Computation slow with float than double.

Discussion in 'Intel' started by Michele Guidolin, Jun 7, 2005.

  1. Hello to everybody.

    I'm doing some benchmark about a red black Gauss Seidel algorithm with 2
    dimensional grid of different size and type, I have some strange result
    when I change the computation from double to float.

    Here are the time of test with different grid SIZE and type:

    SIZE 128 256 512

    float 2.20s 2.76s 7.86s

    double 2.30s 2.47s 2.59s

    As you can see when the grid has a size of 512 node the code with float
    type increase the time drastically.
    The number of loops is proportional to the SIZE of grid, so the time
    should be similar with different SIZE of grid.

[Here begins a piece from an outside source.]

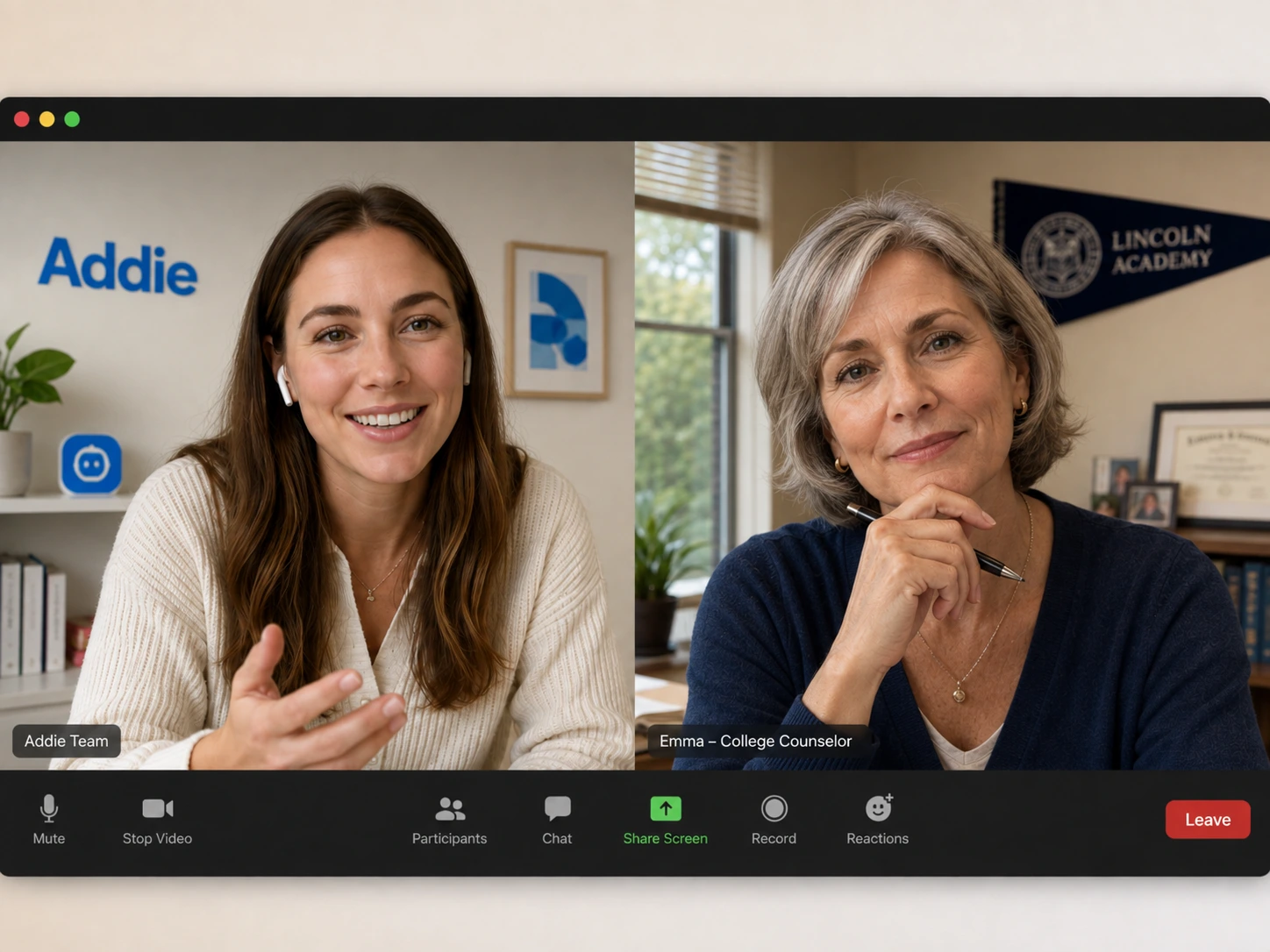 Addie team member guiding an experienced college counselor through configuration on a video call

    Should the float computation always fastest than double?
    I would like to know if is a gcc problem (I don't have other compiler)
    and if it is not what could be the problem?

    Hope to receive an answer as soon as possible,
    Thanks

    Michele Guidolin.

    P.S.
    Here are some more information about the test:

    The code that I'm testing is the follow and it is the same for the
    double version (the constant are not 0.25f but 0.25).

    ------------- CODE -------------

    #define SHIFT_S 9
    #define SIZE (1<<SHIFT_S)
    #define DUMP 0

    #define MAT(i,j) ((i)<<SHIFT_S) + (j)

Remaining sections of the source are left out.